T.G.I. Friday’s is losing its flair. In place of the casual-dining restaurant’s traditional, signature look—a little bit Antiques Roadshow, a little bit Hoarders—the chain announced earlier this year that it would be adopting a new, modernized aesthetic: blond wood, clean lines, bright-but-soft lighting. In appearance, decidedly sleek; in vibe, decidedly Upscale Cafeteria.
In that, Fridays’ is going to be looking a lot like … Applebee’s, which recently announced a similar update to its front-of-the-house situation. And Chili’s. And Ruby Tuesday. And Olive Garden. And also like fast-food chains, which are, like their up-market competitors, embracing the strategically pared-down style that you might call “high meh-dern”: McDonald’s recently unveiled a series of new “design concepts” for its stores, all of them replacing the chain’s signature primary-colored formica with, yep ... blond wood, clean lines, and bright-but-soft lighting. Burger King has been giving its restaurants similar facelifts. So has Wendy’s. And Arby’s. And KFC. And Taco Bell.
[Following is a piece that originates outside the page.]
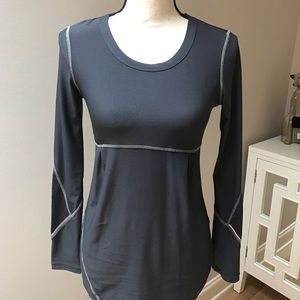 Athleta long sleeved run top. Size XS. GUC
The chains are taking a cue, it seems, from the popularity—which is also to say, from their perspective, the threat—of Chipotle and Panera and Shake Shack and their fellow establishments: fast-casual spots whose designs tend to de-emphasize design itself. Whether they seat their guests upon pleather banquettes or faux-industrial stools, these newly popular restaurants feature very little in the way of wall art or table art or strategic whimsy. And the casual dining segment, tired of losing market share to them, is now following their lead.